The “All New X-Men” series by Brian M. Bendis involves the original 5 x-men from the 60s time traveling forward to the modern day marvel age, confronted with their future . The series has been hailed by many critics as life changing for the x-men and as a new twist on the original story. However, there are many flaws within this series, especially on the writing of young Jean Grey and recently with Laura Kinney aka x-23.
Jean Grey as a teen was always portrayed as a independent teen whom, all the boys of the X-Men loved, some as a sister (Hank, Bobby) while others more romantically (Warren, Scott). Later, it was revealed even Xavier had fallen for this bright young teen. Her abilities, like Susan Storm of the Fantastic Four at the same time, was non-combative and used as a protective powers, ie; keeping walls from falling down and/or moving debris. Often she would faint because her telekinetic powers would be ‘too much’ and would have to be rescued by one of the male x-men team members, falling into the damsel in distress trope. Later, as comics and the times progressed, she was given a more active role in the battle with using her powers to lift people stopping bullets/other objects from hitting the X-Men. It would eventually lead to Jean sacrificing herself for the team and gaining the Phoenix’s powers.
In the current “All New X-Men” run, Jean and the others are transported to the modern age, where the original X-Men must learn to adjust to the current cultural clime.
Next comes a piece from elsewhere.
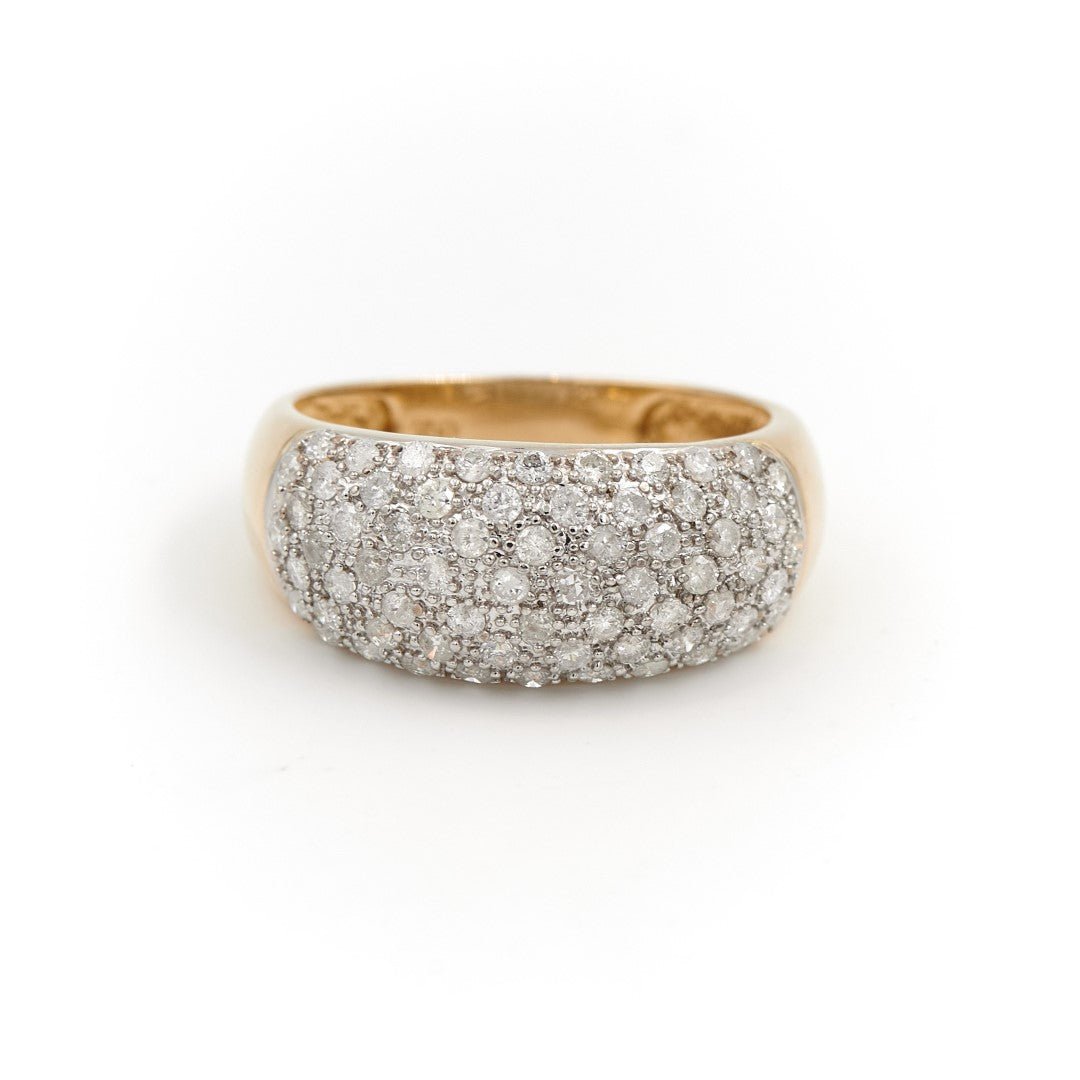 Bague Or jaune Diamant - Castafiore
Jean, toward the beginning, was still have issues with her telekinesis, having breakdowns and fainting spells, but eventually in the series she learns to control her powers. Unfortunately, in this development, she is paired with almost every male member on the team.
Her knowledge of her and Scott not being together in the future leads Jean to first date Warren to spite Scott, – despite that her as a person would never do this – flirt with Bobby, and then have a short fling with Hank. All of these motives of course, are not just to explore what Jean wants, but to hurt Scott. Jean, from the past and current comic evidence, point out that Jean is an extremely forgiving and passionate person who would never intentionally hurt someone. Bendis, however, writes her as a vindictive teen using only her emotions. That is more of the Phoenix, whom wouldn’t posses Jean for another 20 years in the original “X-Men” timeline. Instead, she is just paired with the males of the team to spite Scott Summers.
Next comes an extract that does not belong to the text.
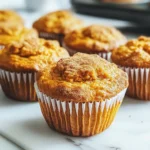 Healthy Greek Yogurt Pumpkin Muffins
Jean is not the only one who is suffering from Bendis-Strong-Female-Character-Syndrome. Laura Kinney, the clone of Wolverine who has been mentally and physically abused most of her life, including forced prostitution, is also a victim.
Not only is she shown kissing a young Scott on issue 20, but later in issue 30 she is shown kissing Warren.
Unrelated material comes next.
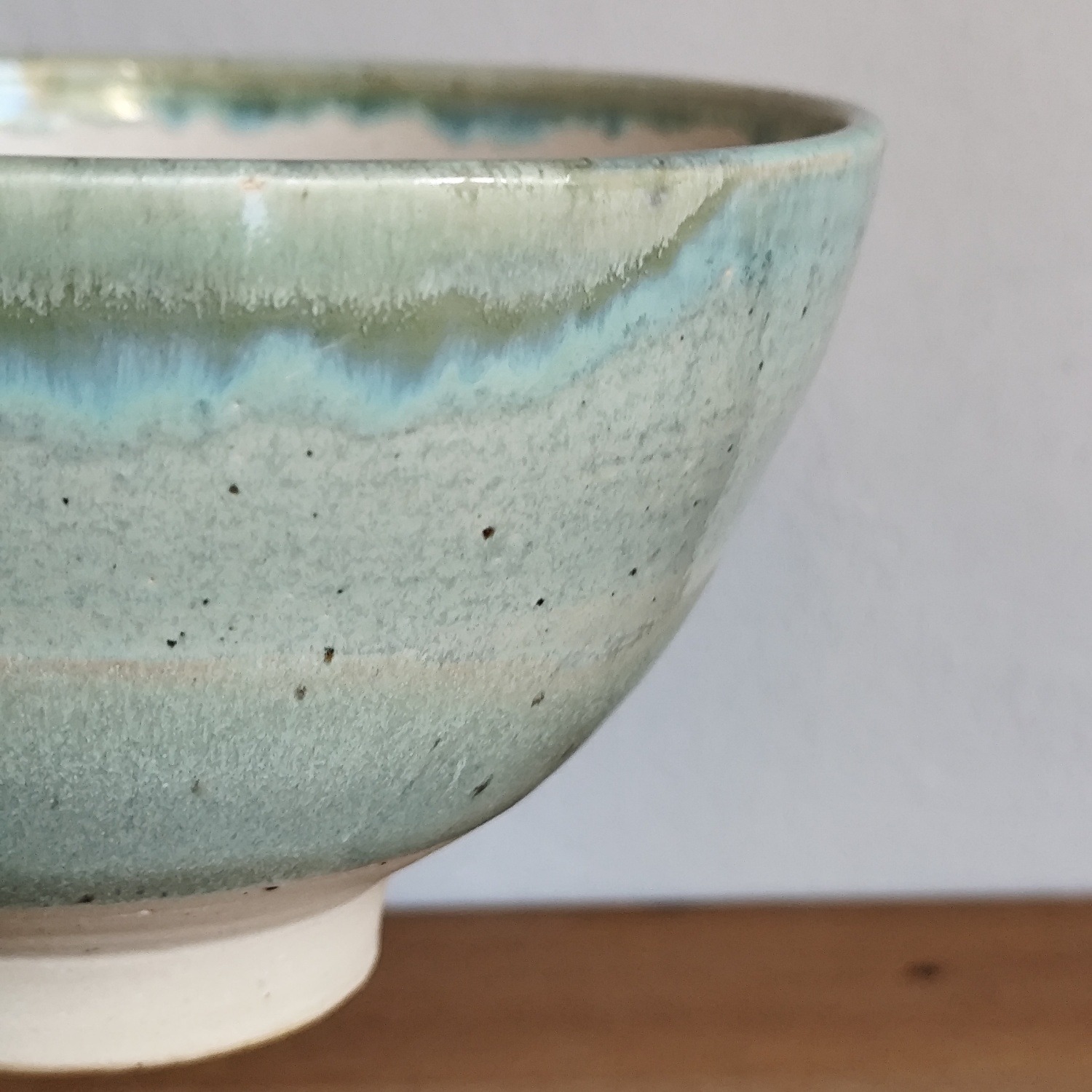 Ciotola Artigianale in Ceramica Grès | Scodella Fatta a Mano Verde Acqua e Panna - immagine 7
This is very out of character for Laura, whom it took a year to get into a relationship with Julian Keller aka Hellion. She is a very closed off person since of her experiences of being in relationships with others, always feeling like she would eventually hurt them with extreme PTSD about her experiences. Of course, these covers are just made to sell the comic. Laura does not even kiss either of the young x-men, instead just hugs them. However, she is still used like Jean as a selling point for the “All New X-Men series”. When asked about Laura’s situation, Bendis stated that he wished to make her more like Wolverine, which is odd because Logan only had been in love with Jean on the team, but never pursued her since she was in love with Scott and has only been in a relation with Ororo Munroe aka Storm.
In conclusion, “All New X-Men” is falling into the same trap that the old comics of the 60s did, only using these powerful beautiful women as sex appeal and nothing more. They are there to mellow out the testosterone on the “boys” team. But instead of having their own motives and actions, it must always be motivated by a male’s action whether because they want to make them angry or because they are lonely. There is nothing wrong with wanting to be in a relationship as these teens do, but both of these young women have been through tragic experiences and seeing them used as a objects instead of real people is disappointing.
As famous comic book author Kelly Sue has said “The Sexy lamp Test”, if your female character can be replaced with a sexy lamp instead of a person, well, then you have some issues with the writing and character development. Laura and Jean are so much more than “sexy lamps” and deserve to have their stories be told and not shave their actions be motivated by the men on their team.